→ EXERCISE PROMPT
Each of the records that follow needs an exact reproduction.

→ DATA PROVIDED
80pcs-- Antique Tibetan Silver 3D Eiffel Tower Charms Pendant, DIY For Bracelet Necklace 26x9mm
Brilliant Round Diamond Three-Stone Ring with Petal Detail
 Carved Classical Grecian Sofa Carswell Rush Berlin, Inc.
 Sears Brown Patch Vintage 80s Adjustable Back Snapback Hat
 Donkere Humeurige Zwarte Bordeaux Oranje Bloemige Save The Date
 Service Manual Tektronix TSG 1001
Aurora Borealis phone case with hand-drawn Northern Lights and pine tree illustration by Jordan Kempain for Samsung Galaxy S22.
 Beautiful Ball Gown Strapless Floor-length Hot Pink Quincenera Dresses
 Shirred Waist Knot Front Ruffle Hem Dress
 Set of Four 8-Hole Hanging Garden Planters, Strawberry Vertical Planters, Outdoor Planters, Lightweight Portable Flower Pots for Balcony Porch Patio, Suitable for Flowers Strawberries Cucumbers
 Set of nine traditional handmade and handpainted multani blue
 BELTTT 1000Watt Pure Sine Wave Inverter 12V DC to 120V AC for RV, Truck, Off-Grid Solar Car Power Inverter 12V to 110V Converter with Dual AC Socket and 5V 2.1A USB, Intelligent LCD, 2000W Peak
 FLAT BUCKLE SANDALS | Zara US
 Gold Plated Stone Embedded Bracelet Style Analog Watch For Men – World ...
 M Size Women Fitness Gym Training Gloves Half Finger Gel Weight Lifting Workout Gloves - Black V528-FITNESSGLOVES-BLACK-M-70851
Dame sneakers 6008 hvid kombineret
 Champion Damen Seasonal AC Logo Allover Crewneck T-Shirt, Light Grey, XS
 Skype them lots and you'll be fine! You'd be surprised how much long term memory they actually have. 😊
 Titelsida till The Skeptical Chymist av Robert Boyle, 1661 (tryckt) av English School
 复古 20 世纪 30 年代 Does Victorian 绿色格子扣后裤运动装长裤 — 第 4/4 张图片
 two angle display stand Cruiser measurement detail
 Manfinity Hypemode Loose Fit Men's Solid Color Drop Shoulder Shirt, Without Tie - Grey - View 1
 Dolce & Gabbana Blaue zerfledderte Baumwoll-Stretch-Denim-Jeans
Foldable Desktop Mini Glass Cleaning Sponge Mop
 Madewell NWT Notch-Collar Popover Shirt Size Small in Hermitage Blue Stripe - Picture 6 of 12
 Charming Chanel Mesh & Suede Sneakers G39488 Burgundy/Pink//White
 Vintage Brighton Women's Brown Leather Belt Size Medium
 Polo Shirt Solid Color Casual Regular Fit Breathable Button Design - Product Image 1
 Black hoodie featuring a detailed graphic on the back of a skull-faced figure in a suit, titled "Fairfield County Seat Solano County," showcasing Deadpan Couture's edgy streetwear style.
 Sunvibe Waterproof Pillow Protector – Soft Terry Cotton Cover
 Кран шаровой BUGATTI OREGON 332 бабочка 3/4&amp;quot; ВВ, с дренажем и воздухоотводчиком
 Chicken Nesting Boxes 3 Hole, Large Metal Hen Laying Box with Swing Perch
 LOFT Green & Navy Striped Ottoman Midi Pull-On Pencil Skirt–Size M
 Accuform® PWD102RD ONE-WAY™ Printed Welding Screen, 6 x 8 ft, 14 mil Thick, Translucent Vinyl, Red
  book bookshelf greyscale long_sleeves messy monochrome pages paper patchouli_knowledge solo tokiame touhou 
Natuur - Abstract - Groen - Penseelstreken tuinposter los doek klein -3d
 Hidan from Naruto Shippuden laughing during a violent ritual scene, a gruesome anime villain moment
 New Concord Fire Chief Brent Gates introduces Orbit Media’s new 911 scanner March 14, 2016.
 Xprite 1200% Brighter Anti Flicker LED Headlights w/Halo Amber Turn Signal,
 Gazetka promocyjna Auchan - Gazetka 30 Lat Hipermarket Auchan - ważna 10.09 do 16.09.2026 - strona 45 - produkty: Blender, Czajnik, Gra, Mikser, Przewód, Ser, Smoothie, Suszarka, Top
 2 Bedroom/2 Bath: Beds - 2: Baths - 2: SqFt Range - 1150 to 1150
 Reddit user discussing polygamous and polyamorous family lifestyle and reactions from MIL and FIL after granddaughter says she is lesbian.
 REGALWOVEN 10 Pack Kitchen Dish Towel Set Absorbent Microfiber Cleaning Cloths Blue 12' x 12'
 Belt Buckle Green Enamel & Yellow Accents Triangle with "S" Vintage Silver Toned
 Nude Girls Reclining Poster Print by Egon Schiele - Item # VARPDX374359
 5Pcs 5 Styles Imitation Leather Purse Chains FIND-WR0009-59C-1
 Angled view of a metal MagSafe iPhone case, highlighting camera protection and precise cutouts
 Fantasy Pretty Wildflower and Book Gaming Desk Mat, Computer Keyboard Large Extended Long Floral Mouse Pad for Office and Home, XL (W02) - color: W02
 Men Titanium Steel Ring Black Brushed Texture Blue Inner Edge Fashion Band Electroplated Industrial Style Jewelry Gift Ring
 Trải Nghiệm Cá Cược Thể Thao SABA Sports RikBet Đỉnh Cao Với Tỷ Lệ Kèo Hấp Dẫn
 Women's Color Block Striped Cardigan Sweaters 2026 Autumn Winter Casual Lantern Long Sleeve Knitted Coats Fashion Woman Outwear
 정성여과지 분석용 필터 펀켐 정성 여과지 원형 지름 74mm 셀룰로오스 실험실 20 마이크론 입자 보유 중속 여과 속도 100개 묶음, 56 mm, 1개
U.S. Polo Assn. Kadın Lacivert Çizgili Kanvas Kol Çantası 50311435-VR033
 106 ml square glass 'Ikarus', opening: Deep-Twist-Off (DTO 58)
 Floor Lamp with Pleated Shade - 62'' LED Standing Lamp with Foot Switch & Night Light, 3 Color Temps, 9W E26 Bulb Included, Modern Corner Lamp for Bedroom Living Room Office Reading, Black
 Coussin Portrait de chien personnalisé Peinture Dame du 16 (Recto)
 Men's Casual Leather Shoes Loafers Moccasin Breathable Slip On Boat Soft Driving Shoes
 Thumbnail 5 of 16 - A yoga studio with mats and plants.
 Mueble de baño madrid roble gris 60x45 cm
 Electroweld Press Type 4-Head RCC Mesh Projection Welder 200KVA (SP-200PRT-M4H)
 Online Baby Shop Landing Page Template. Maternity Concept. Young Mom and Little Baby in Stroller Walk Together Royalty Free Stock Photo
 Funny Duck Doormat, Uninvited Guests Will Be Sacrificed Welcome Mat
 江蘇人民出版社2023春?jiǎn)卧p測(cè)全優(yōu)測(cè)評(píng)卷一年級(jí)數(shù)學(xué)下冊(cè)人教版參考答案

→ RESPONSE FOR THIS EXERCISE
80pcs-- Antique Tibetan Silver 3D Eiffel Tower Charms Pendant, DIY For Bracelet Necklace 26x9mm
Brilliant Round Diamond Three-Stone Ring with Petal Detail
 Carved Classical Grecian Sofa Carswell Rush Berlin, Inc.
 Sears Brown Patch Vintage 80s Adjustable Back Snapback Hat
 Donkere Humeurige Zwarte Bordeaux Oranje Bloemige Save The Date
 Service Manual Tektronix TSG 1001
Aurora Borealis phone case with hand-drawn Northern Lights and pine tree illustration by Jordan Kempain for Samsung Galaxy S22.
 Beautiful Ball Gown Strapless Floor-length Hot Pink Quincenera Dresses
 Shirred Waist Knot Front Ruffle Hem Dress
 Set of Four 8-Hole Hanging Garden Planters, Strawberry Vertical Planters, Outdoor Planters, Lightweight Portable Flower Pots for Balcony Porch Patio, Suitable for Flowers Strawberries Cucumbers
 Set of nine traditional handmade and handpainted multani blue
 BELTTT 1000Watt Pure Sine Wave Inverter 12V DC to 120V AC for RV, Truck, Off-Grid Solar Car Power Inverter 12V to 110V Converter with Dual AC Socket and 5V 2.1A USB, Intelligent LCD, 2000W Peak
 FLAT BUCKLE SANDALS | Zara US
 Gold Plated Stone Embedded Bracelet Style Analog Watch For Men – World ...
 M Size Women Fitness Gym Training Gloves Half Finger Gel Weight Lifting Workout Gloves - Black V528-FITNESSGLOVES-BLACK-M-70851
Dame sneakers 6008 hvid kombineret
 Champion Damen Seasonal AC Logo Allover Crewneck T-Shirt, Light Grey, XS
 Skype them lots and you'll be fine! You'd be surprised how much long term memory they actually have. 😊
 Titelsida till The Skeptical Chymist av Robert Boyle, 1661 (tryckt) av English School
 复古 20 世纪 30 年代 Does Victorian 绿色格子扣后裤运动装长裤 — 第 4/4 张图片
 two angle display stand Cruiser measurement detail
 Manfinity Hypemode Loose Fit Men's Solid Color Drop Shoulder Shirt, Without Tie - Grey - View 1
 Dolce & Gabbana Blaue zerfledderte Baumwoll-Stretch-Denim-Jeans
Foldable Desktop Mini Glass Cleaning Sponge Mop
 Madewell NWT Notch-Collar Popover Shirt Size Small in Hermitage Blue Stripe - Picture 6 of 12
 Charming Chanel Mesh & Suede Sneakers G39488 Burgundy/Pink//White
 Vintage Brighton Women's Brown Leather Belt Size Medium
 Polo Shirt Solid Color Casual Regular Fit Breathable Button Design - Product Image 1
 Black hoodie featuring a detailed graphic on the back of a skull-faced figure in a suit, titled "Fairfield County Seat Solano County," showcasing Deadpan Couture's edgy streetwear style.
 Sunvibe Waterproof Pillow Protector – Soft Terry Cotton Cover
 Кран шаровой BUGATTI OREGON 332 бабочка 3/4&amp;quot; ВВ, с дренажем и воздухоотводчиком
 Chicken Nesting Boxes 3 Hole, Large Metal Hen Laying Box with Swing Perch
 LOFT Green & Navy Striped Ottoman Midi Pull-On Pencil Skirt–Size M
 Accuform® PWD102RD ONE-WAY™ Printed Welding Screen, 6 x 8 ft, 14 mil Thick, Translucent Vinyl, Red
  book bookshelf greyscale long_sleeves messy monochrome pages paper patchouli_knowledge solo tokiame touhou 
Natuur - Abstract - Groen - Penseelstreken tuinposter los doek klein -3d
 Hidan from Naruto Shippuden laughing during a violent ritual scene, a gruesome anime villain moment
 New Concord Fire Chief Brent Gates introduces Orbit Media’s new 911 scanner March 14, 2016.
 Xprite 1200% Brighter Anti Flicker LED Headlights w/Halo Amber Turn Signal,
 Gazetka promocyjna Auchan - Gazetka 30 Lat Hipermarket Auchan - ważna 10.09 do 16.09.2026 - strona 45 - produkty: Blender, Czajnik, Gra, Mikser, Przewód, Ser, Smoothie, Suszarka, Top
 2 Bedroom/2 Bath: Beds - 2: Baths - 2: SqFt Range - 1150 to 1150
 Reddit user discussing polygamous and polyamorous family lifestyle and reactions from MIL and FIL after granddaughter says she is lesbian.
 REGALWOVEN 10 Pack Kitchen Dish Towel Set Absorbent Microfiber Cleaning Cloths Blue 12' x 12'
 Belt Buckle Green Enamel & Yellow Accents Triangle with "S" Vintage Silver Toned
 Nude Girls Reclining Poster Print by Egon Schiele - Item # VARPDX374359
 5Pcs 5 Styles Imitation Leather Purse Chains FIND-WR0009-59C-1
 Angled view of a metal MagSafe iPhone case, highlighting camera protection and precise cutouts
 Fantasy Pretty Wildflower and Book Gaming Desk Mat, Computer Keyboard Large Extended Long Floral Mouse Pad for Office and Home, XL (W02) - color: W02
 Men Titanium Steel Ring Black Brushed Texture Blue Inner Edge Fashion Band Electroplated Industrial Style Jewelry Gift Ring
 Trải Nghiệm Cá Cược Thể Thao SABA Sports RikBet Đỉnh Cao Với Tỷ Lệ Kèo Hấp Dẫn
 Women's Color Block Striped Cardigan Sweaters 2026 Autumn Winter Casual Lantern Long Sleeve Knitted Coats Fashion Woman Outwear
 정성여과지 분석용 필터 펀켐 정성 여과지 원형 지름 74mm 셀룰로오스 실험실 20 마이크론 입자 보유 중속 여과 속도 100개 묶음, 56 mm, 1개
U.S. Polo Assn. Kadın Lacivert Çizgili Kanvas Kol Çantası 50311435-VR033
 106 ml square glass 'Ikarus', opening: Deep-Twist-Off (DTO 58)
 Floor Lamp with Pleated Shade - 62'' LED Standing Lamp with Foot Switch & Night Light, 3 Color Temps, 9W E26 Bulb Included, Modern Corner Lamp for Bedroom Living Room Office Reading, Black
 Coussin Portrait de chien personnalisé Peinture Dame du 16 (Recto)
 Men's Casual Leather Shoes Loafers Moccasin Breathable Slip On Boat Soft Driving Shoes
 Thumbnail 5 of 16 - A yoga studio with mats and plants.
 Mueble de baño madrid roble gris 60x45 cm
 Electroweld Press Type 4-Head RCC Mesh Projection Welder 200KVA (SP-200PRT-M4H)
 Online Baby Shop Landing Page Template. Maternity Concept. Young Mom and Little Baby in Stroller Walk Together Royalty Free Stock Photo
 Funny Duck Doormat, Uninvited Guests Will Be Sacrificed Welcome Mat
 江蘇人民出版社2023春?jiǎn)卧p測(cè)全優(yōu)測(cè)評(píng)卷一年級(jí)數(shù)學(xué)下冊(cè)人教版參考答案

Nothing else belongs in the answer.